WHAT THE TASK REQUIRES: Once you find the line containing "Green natural stone" in the data below, copy it and each following line exactly, up to and including the line containing "Kriti Plus Size", and nothing else.

INPUT FOR THIS TASK:
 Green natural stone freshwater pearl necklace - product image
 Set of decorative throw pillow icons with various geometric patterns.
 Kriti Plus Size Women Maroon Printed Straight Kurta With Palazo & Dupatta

...

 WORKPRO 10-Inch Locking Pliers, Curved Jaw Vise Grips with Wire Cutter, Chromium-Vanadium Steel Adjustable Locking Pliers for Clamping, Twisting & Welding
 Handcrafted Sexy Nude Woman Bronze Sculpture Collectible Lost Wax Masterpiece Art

EXERCISE SOLUTION:
 Green natural stone freshwater pearl necklace - product image
 Set of decorative throw pillow icons with various geometric patterns.
 Kriti Plus Size Women Maroon Printed Straight Kurta With Palazo & Dupatta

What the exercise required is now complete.